In measuring the volume of the air passing through the intake manifold into the engine, the air-mass meter provides a measure of engine load. Engine speed is measured in the tachometer by counting the ignition pulses in the primary circuit. The LH-Jetronic rpm signal comes from the primary ignition pulse, the current that turns the coil on and off. For most cars that is a signal which comes from the negative terminal of the ignition coil.
ECU Function
The ECU receives information from the following sensors:
Ignition System and Ignition Timing
All the testing should also be based on the fact that the other systems, including the ignition, are in proper working order (after all, these are relatively inexpensive fixes). The plugs should be gapped at 0.024'-0.028' (0.6-0.7 mm) and tightened to a torque of 20.7 ft-lbs. (28 NM). The plug wires should be checked to assure that resistance is within 2,000 to 4,000 ohms. Inspect the distributor cap and replace it if the contacts are burnt or tracer lines are apparent. Measure rotor resistance (1,000 ohms) and if it is out of range or the contact is burnt, replace it by breaking off the old rotor and pressing the new one in place with the appropriate glue (Loc Tite seems to work well).
Any testing of the ignition system would be incomplete without also checking the timing. Since there are different settings for different models, markets, and years, you should be able to find the correct timing for your car by checking the sticker on the fender. Ignition timing is measured at the instant the spark plugs fire, in terms of degrees of crankshaft rotation relative to the piston on its compression stroke and before or after top dead center. When the engine is idling, the spark is timed to occur just before the piston reaches top dead center so that combustion can be completed by the time the piston reaches a little past top dead center. At higher engine speeds, there is less time for the air/fuel mixture to ignite, burn, and deliver its power to the piston. Consequently, at higher engine speeds, the spark must be delivered earlier in the cycle.
To check your timing, the first thing you are going to need is a strobe timing light. The induction pick-up should be attached to the number one plug wire. On the 900, the number one cylinder is at the firewall end of the engine and on the 9000, it is opposite of the distributor. If you still can't figure it out, pull the spark plug inspection plate and read the cylinder number stamped by each plug on the head.

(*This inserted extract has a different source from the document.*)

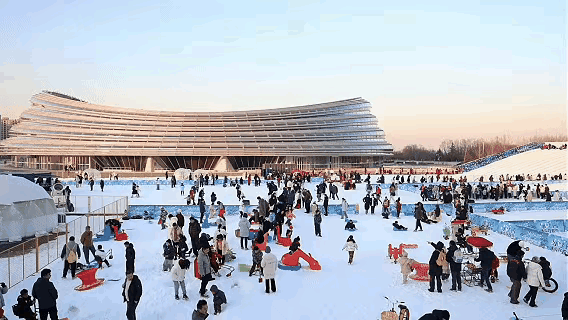 冰雪热力深观察｜冰雪经济“燃”起来 激活消费新动能

冬天的寒冷似乎从未阻挡过人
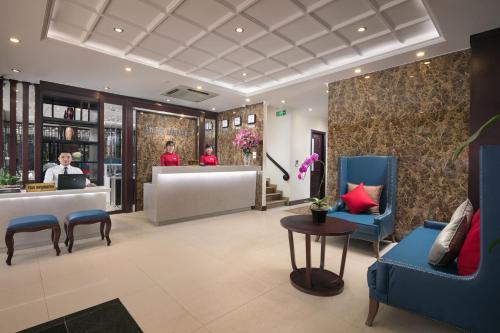 eine Lobby mit einer Rezeption und Personen in der Lobby in der Unterkunft Serene Boutique Hotel & Spa in Hanoi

When pistons number one and number four are at top dead center, the crankshaft (i.e., the '0' mark on the flywheel) will be in line with the mark on the clutch cover or end plate if the clutch cover has been removed. Disconnect the vacuum control hose at the vacuum chamber on the distributor and plug the hose (this allows for a true base timing reading). Loosen the distributor tightening bracket bolt. Focus the light of the timing light strobe on the flywheel. The rotation of the flywheel and the pattern of the strobe light will indicate the current timing setting. If your timing light has an advance setting, you will target a '0' mark on the flywheel. If you do not have an advance, you will target a setting equivalent to your car's specific timing advance setting. The mark on the flywheel should hold steady (within 1-2 degrees) and not bounce around. If it does bounce around, this is an indication that something is wrong (possibly the distributor). You should also test that the vacuum advance is working by applying vacuum to the distributor.
Under light engine load conditions, there is a high vacuum in the intake manifold caused by the restriction of the partially closed throttle valve. Consequently, there is a smaller amount of air/fuel mixture delivered to the combustion chamber. Because of the lower ratio of fuel to air, the mixture will not burn as rapidly; therefore, ignition must take place early in the cycle.
To provide additional spark advance control based on intake manifold pressures, a vacuum advance mechanism is incorporated in the distributor. It contains a spring-loaded diaphragm which rotates the breaker plate assembly in the distributor. The vacuum diaphragm is connected to the intake manifold. When the engine is at idle, intake manifold vacuum is high and the ignition timing is advanced. When the engine is accelerated, intake manifold vacuum drops, retarding the ignition timing of spark plug firing.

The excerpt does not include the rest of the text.